While this activity wouldn’t be considered vigorous, it could contribute to your moderate intensity minutes.

So, do smaller chunks work?

Yes, the good news is doing small amounts of exercise throughout the day is just as effective as doing one long session.

In fact, it may have some additional benefits.

A 2019 review of 19 studies looked at this question, involving more than 1,000 participants. It found multiple, shorter “chunks” of exercise in a day improved heart and lung fitness and blood pressure as much as doing one longer session.

And there was some evidence these chunks actually led to more weight loss and lower cholesterol.

The most common way this exercise was compared in the 19 studies was with one group doing three ten-minute bouts of exercise five days a week, and another doing one 30-minute session, five days a week.

Even very short bouts might help

Another 2019 study in young adults examined the effect of short “exercise snacks” on fitness. While small, it had some interesting and positive results.

The exercise “snack” group did three very short sessions per day, three times a week, for six weeks. Each session involved a light two-minute warm-up, followed by a 20-second maximal effort sprint – where you push as hard as you can – and then a one-minute cool-down.

In total: just three minutes and 20 seconds of exercise, three times a day, three days a week.

The control group did one session a day, three days a week, but it was longer – a total of ten minutes. It involved a two-minute warm-up, followed by three  20-second sprints, with three minutes of light recovery between sprints, then a one-minute cool-down.

The “snack” group saw significant improvements in aerobic fitness, which is one of the strongest predictors of your risk of dying early and overall health.

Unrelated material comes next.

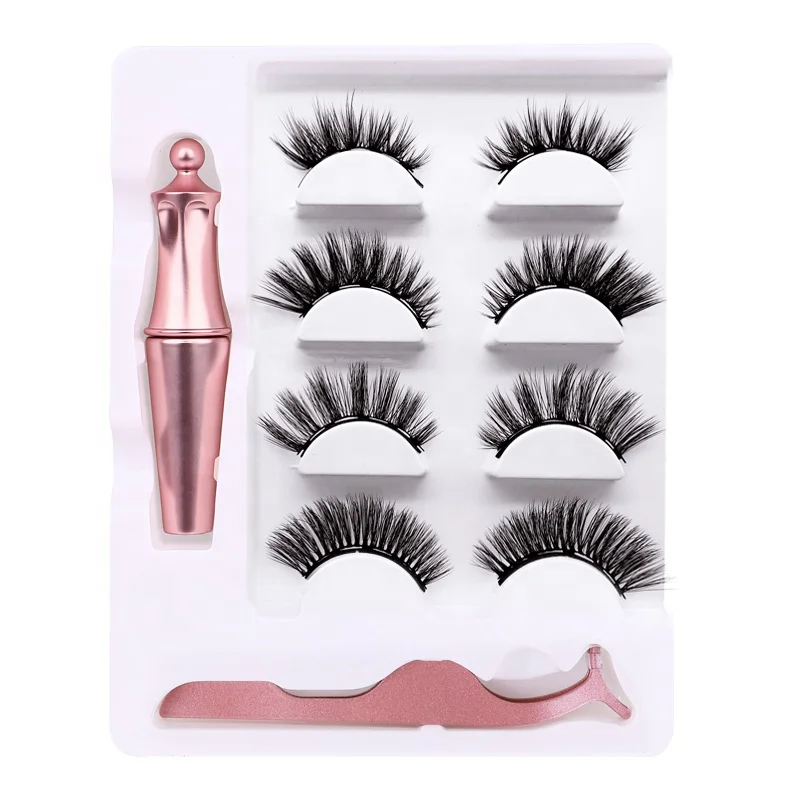 4 Pairs 3D Magnet Eyelash Vendor With Liquid Magnetic Eyeliner Custom Packaging Box Magnetic Eyelashes, Natural black
4 Pairs 3D Magnet Eyelash Vendor With Liquid Magnetic Eyeliner Custom Packaging Box Magnetic Eyelashes, Natural black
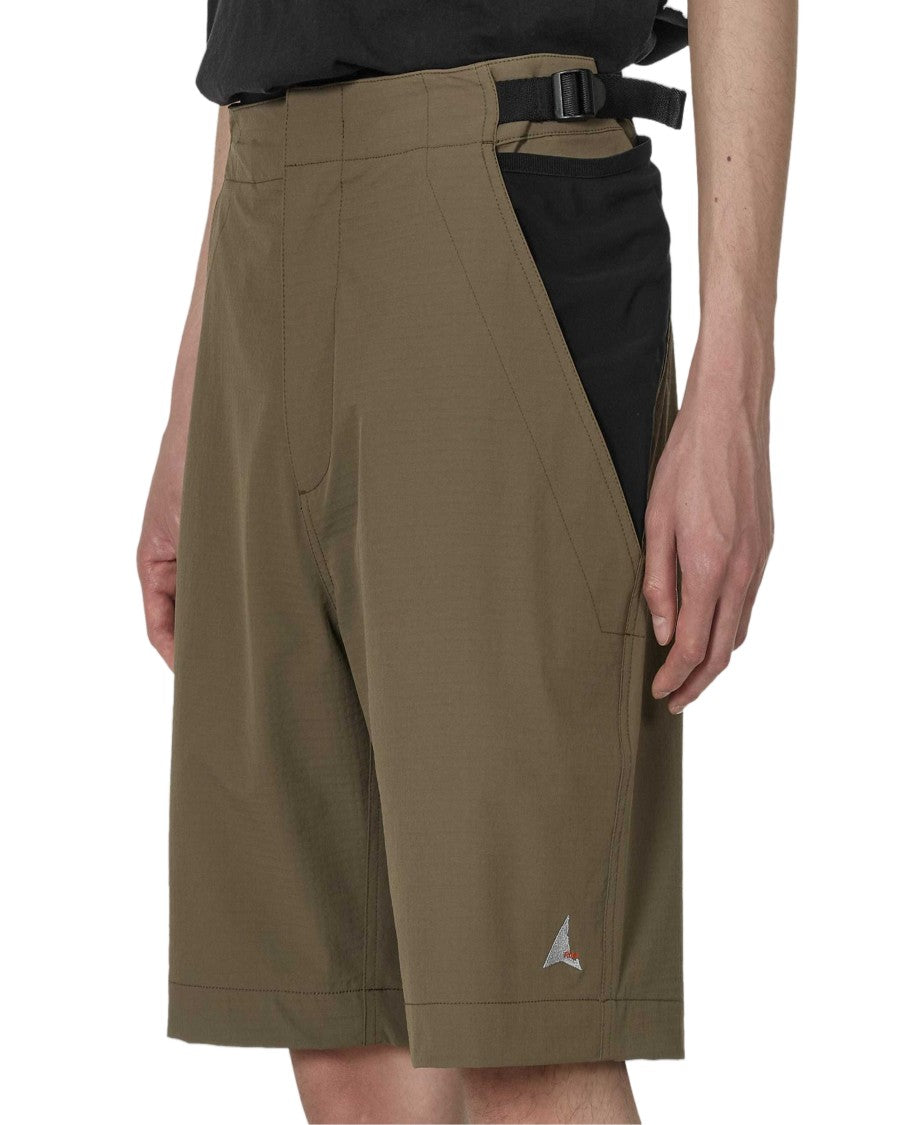 Roa Knee-Length Utilitarian Hiking Shorts With Hidden Closure And Adjustable Buckle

Similar research has suggested this same approach can have positive effects on lowering cholesterol levels. However, it may not provide enough total exercise time to lose weight.

Shorter – but harder?

The research outlined above suggests the shorter your exercise session, the harder you need to push.

So you might need to adapt your exercise to increase intensity. For example, one minute of maximal intensity exercise might be worth two minutes of moderate intensity exercise.

Basically, if you’re short on time you will get more bang-for-your-buck by going harder.

So, is it worth still doing longer sessions?

For health and general fitness, the research suggests there aren’t downsides to breaking a long workout into smaller chunks.

But there are some reasons you might still want to keep exercising longer.

If you are training for a longer duration event (maybe a 10 kilometre run, a 30km ride, or even a marathon), you will need to do some longer sessions. This will ensure your muscles and joints are prepared to tolerate the demands of the event, and help your body adapt to maximise performance on the day.

For mental health, there is also some evidence to suggest doing more than the recommended minimum exercise might be better.

For example, two recent meta-analyses (studies which review the available evidence) found that around one hour of moderate intensity exercise a day can significantly improve anxiety and depression symptoms.

But these studies didn’t compare the benefits of one session versus chunks, so it’s likely you can still break up your exercise across the day and feel an effect.

The bottom line

Any exercise is better than none. If you struggle for time, as little as three minutes a day, spread across three sessions, can have a positive effect on our health.

But don’t forget – the shorter the session, the harder it needs to be.